S.Rep. No. 92-1105, 92d Cong., 2d Sess. ---, reprinted in (1972) U.S.Code Cong. & Ad.News 4316, 4326-27.
The Committee explained that the 1972 amendments
(m)ake several changes in the Federal kidnaping law as it will apply generally. In this regard, the law is amended to make the thrust of the offense the kidnapping itself rather than the interstate transportation of the kidnapped person. This effort to clearly differentiate the question of what criminal behavior falls within Federal jurisdiction not only makes the sanction more rational but also has the practical effect of assuring that a kidnapping which occurs in a hijacking situation is an extraditable offense from a country which does not recognize an offense keyed to interstate transportation.
A letter from the Attorney General and the Secretary of State included with the legislative history also describes the 1972 amendments to § 1201 as extensions of federal jurisdiction. Id. at 4322-23; see also United States v. Young, 512 F.2d 321, 323 (4th Cir. 1974).
Thus we think the Senate Report shows that the 1972 amendments separate the kidnaping itself from the federal jurisdictional bases for prosecution. This distinction now made between the act of kidnaping and the jurisdictional bases of § 1201(a) demonstrates that § 1201(a) proscribes one crime, with four jurisdictional bases, interstate or foreign commerce, maritime or territorial jurisdiction, special aircraft jurisdiction, and foreign guests of the government.
We conclude that § 1201(a) as amended creates a single crime with four jurisdictional bases rather than four different crimes and that Lewis' conviction under Count I should be set aside.

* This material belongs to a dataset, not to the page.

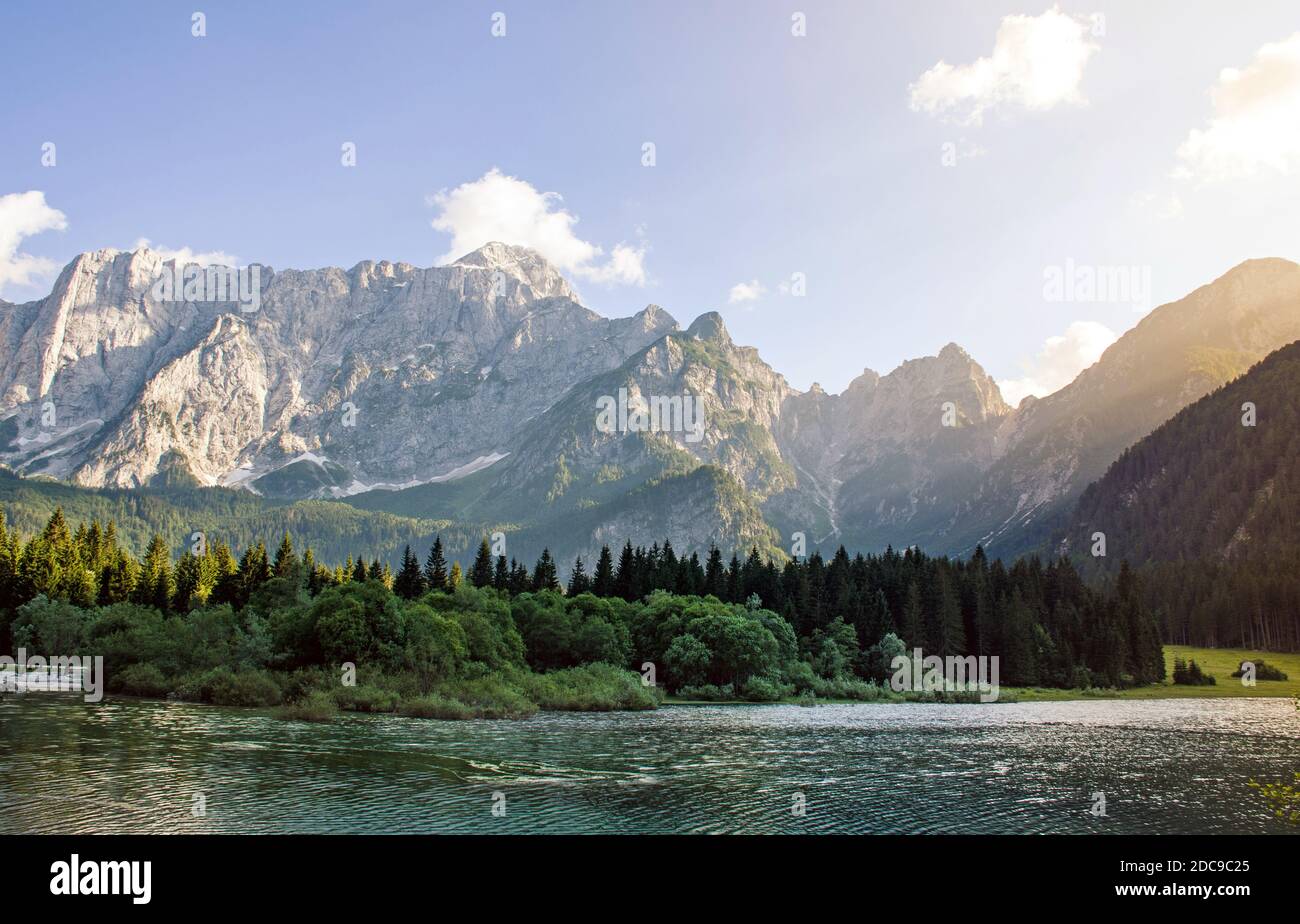 A beautiful view of a lake surrounded by rocky mountains and greenery ...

We are also of the opinion that the evidence supports the verdict and that no exculpatory material was denied the defendant under Brady v. Maryland, 373 U.S. 83, 87, 83 S.Ct. 1194, 1196, 10 L.Ed.2d 215 (1964), or United States v. Agurs, 427 U.S. 97, 96 S.Ct. 2392, 49 L.Ed.2d 342 (1976).
We remand to the district court to vacate the conviction under Count I, United States v. Mason, 611 F.2d 49, 53 (4th Cir. 1979).

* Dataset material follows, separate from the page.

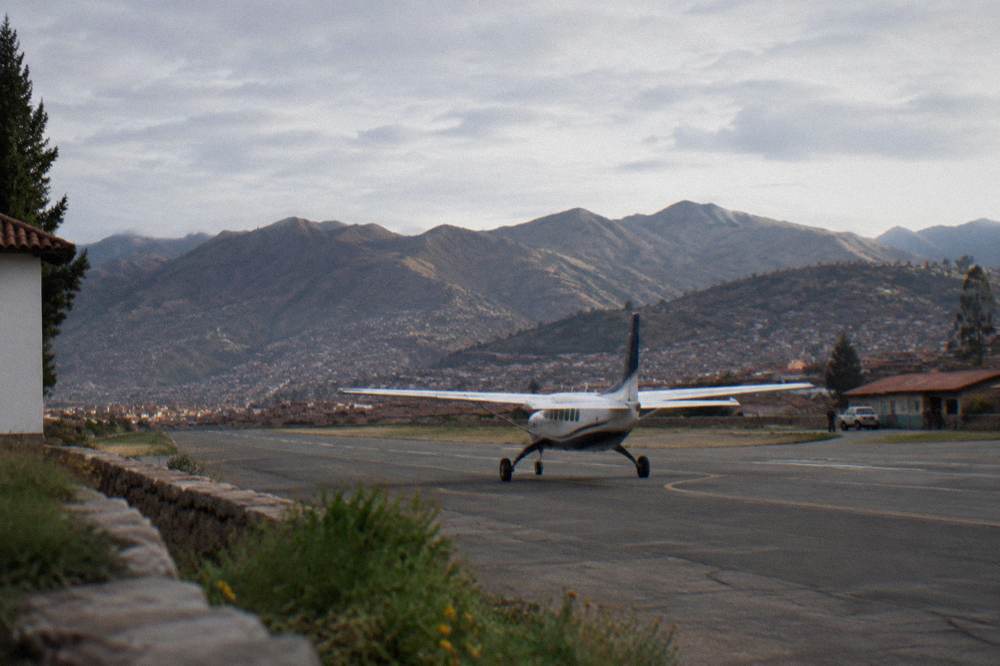 A small aircraft on a runway surrounded by mountains under morning light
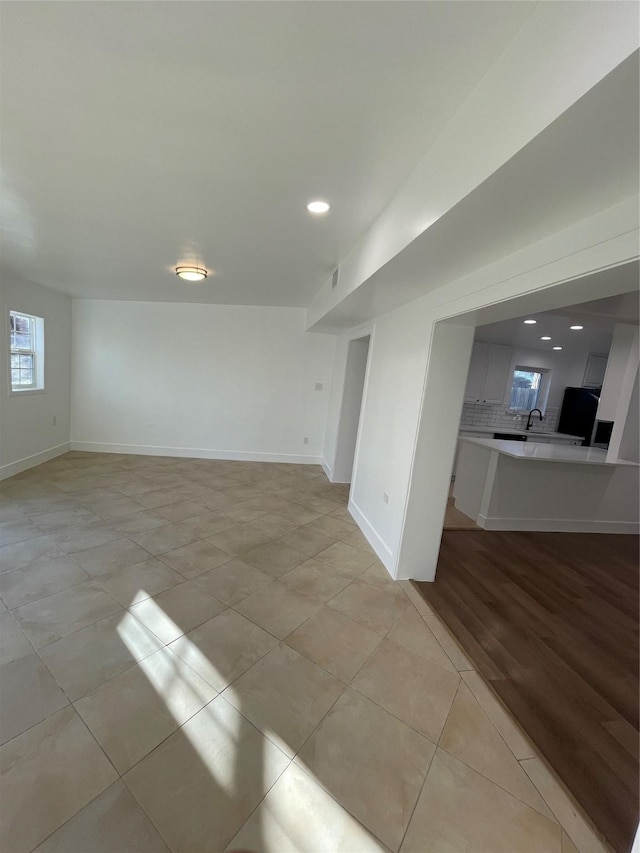 empty room featuring sink and light tile patterned flooring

We affirm its judgment of conviction on Counts II, III, and IV.
AFFIRMED AS TO COUNTS II, III, and IV; REMANDED WITH INSTRUCTIONS AS TO COUNT I.
Later changes in phraseology in the statute do not affect the sense of this holding
Prior to the 1972 amendments § 1201(a) read as follows:
(a) Whoever knowingly transports in interstate or foreign commerce, any person who has been unlawfully seized, confined, inveigled, decoyed, kidnaped, abducted, or carried away and held for ransom or reward or otherwise, except, in the case of a minor, by a parent thereof, shall be punished (1) by death if the kidnaped person has not been liberated unharmed, and if the verdict of the jury shall so recommend, or, (2) by imprisonment for any term of years or for life, if the death penalty is not imposed.

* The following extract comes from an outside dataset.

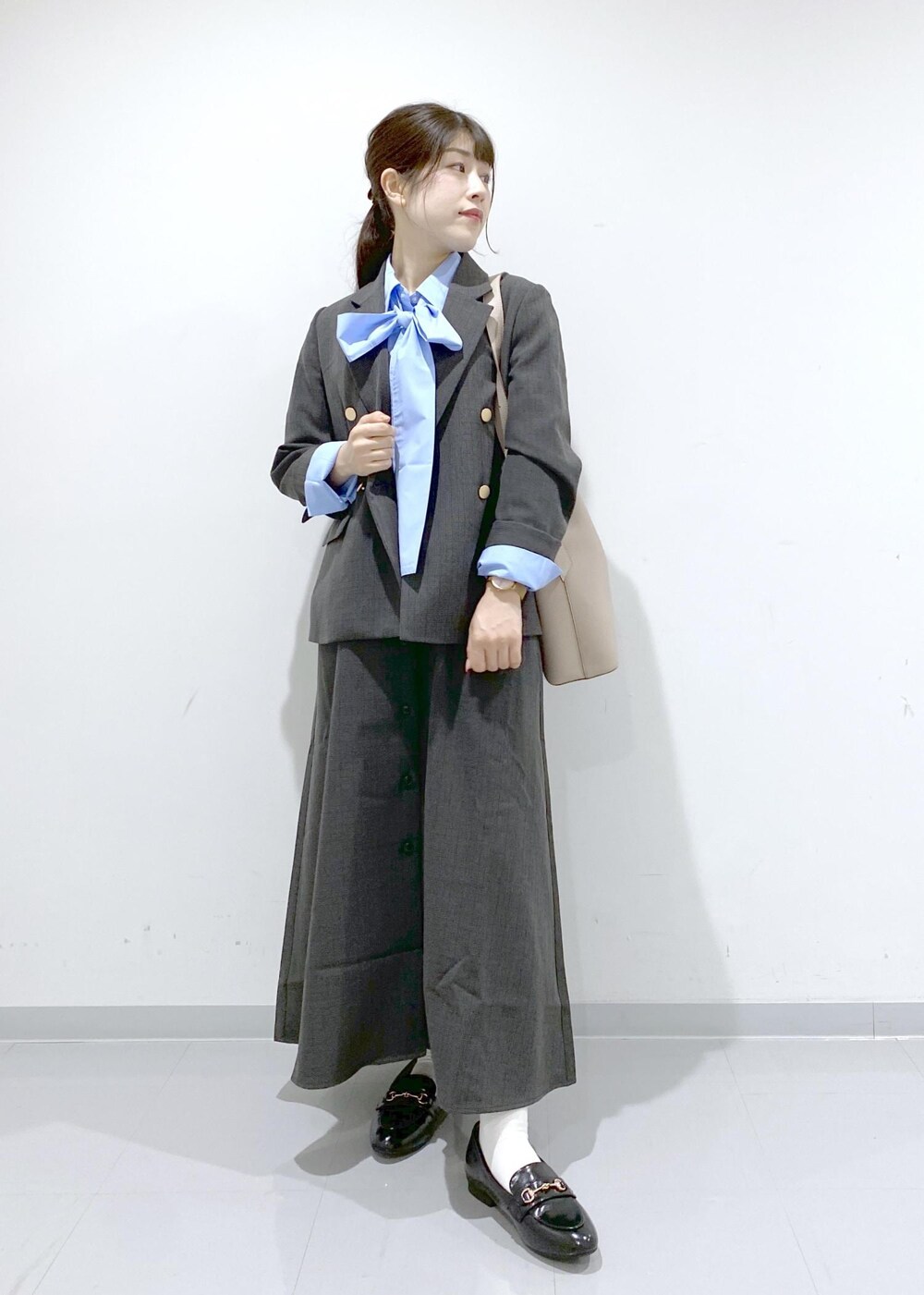 ベージュ系のショルダーバッグ、ブラック系のジャンパースカート、ブラック系のテーラードジャケットを着用したレディースの秋コーディネートの8枚目の写真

Following the 1972 amendments § 1201(a) now reads as follows:
(a) Whoever unlawfully seizes, confines, inveigles, decoys, kidnaps, abducts, or carries away and holds for ransom or reward or otherwise any person, except in the case of a minor by the parent thereof, when:
(1) the person is willfully transported in interstate or foreign commerce;
(2) any such act against the person is done within the special maritime and territorial jurisdiction of the United States;
(3) any such act against the person is done within the special aircraft jurisdiction of the United States as defined in section 101(36) of the Federal Aviation Act of 1958, as amended (49 U.S.C. 1301(36); or
(4) the person is a foreign official, an internationally protected person, or an official guest as those terms are defined in section 1116(b) of this title,
shall be punished by imprisonment for any term of years or for life.